** Data for the task follows **

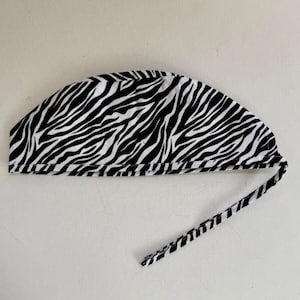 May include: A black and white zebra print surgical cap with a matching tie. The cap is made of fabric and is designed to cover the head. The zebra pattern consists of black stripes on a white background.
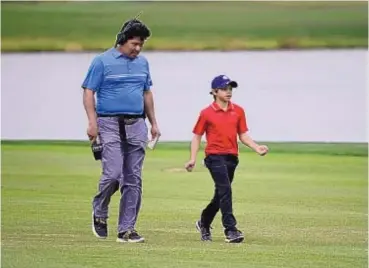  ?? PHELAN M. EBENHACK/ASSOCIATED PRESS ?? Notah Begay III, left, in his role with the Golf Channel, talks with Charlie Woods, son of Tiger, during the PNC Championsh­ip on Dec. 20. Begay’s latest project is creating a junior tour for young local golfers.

** End of Data for the task **
** Data for the task follows **

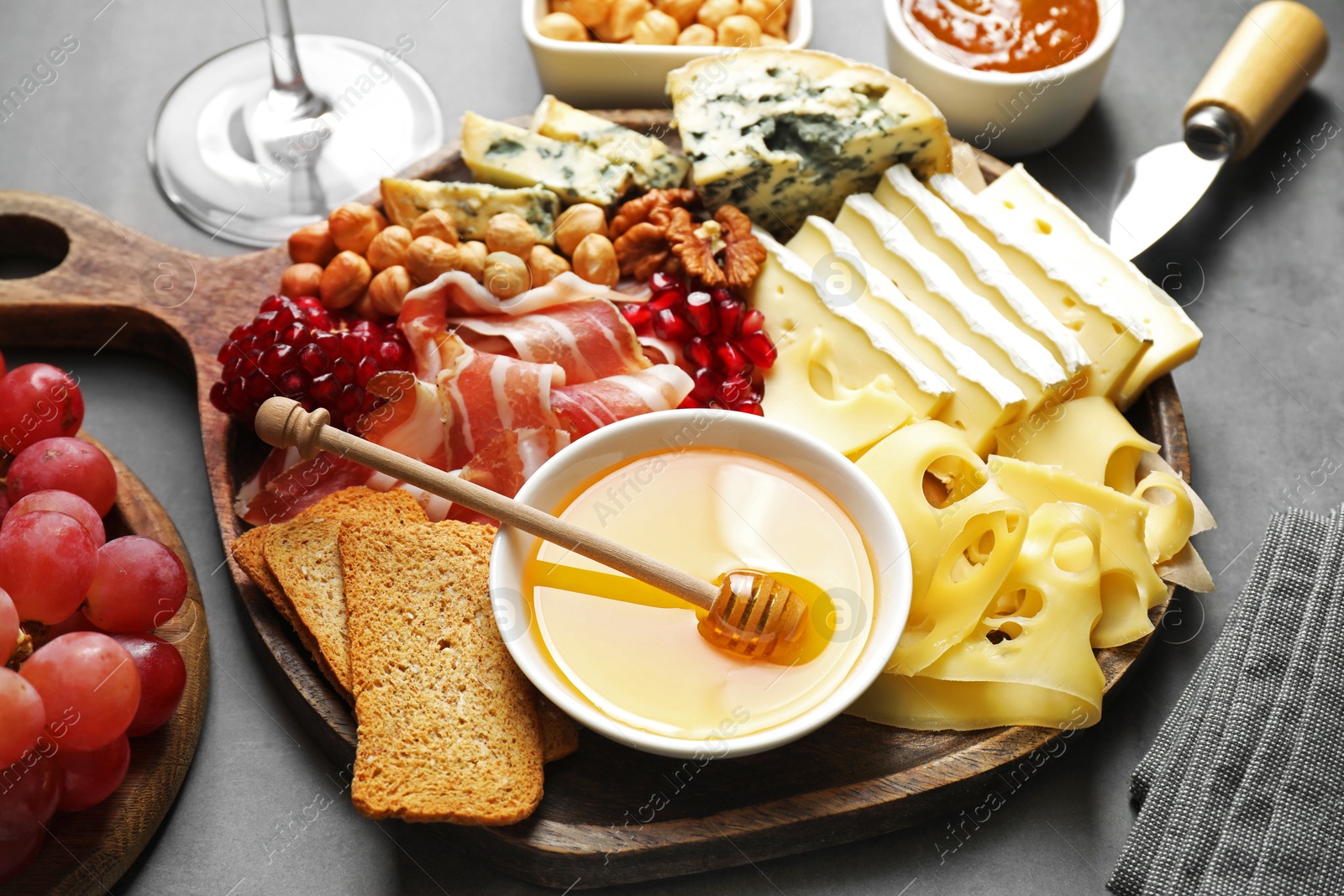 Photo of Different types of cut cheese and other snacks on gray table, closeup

** End of Data for the task **

Problem to work on = In the listing above, find the line containing "May include: A" and the line containing "young local golfers.", then print exactly those two lines and every line between them, minus the pictures.

Solution =
 May include: A black and white zebra print surgical cap with a matching tie. The cap is made of fabric and is designed to cover the head. The zebra pattern consists of black stripes on a white background.
  ?? PHELAN M. EBENHACK/ASSOCIATED PRESS ?? Notah Begay III, left, in his role with the Golf Channel, talks with Charlie Woods, son of Tiger, during the PNC Championsh­ip on Dec. 20. Begay’s latest project is creating a junior tour for young local golfers.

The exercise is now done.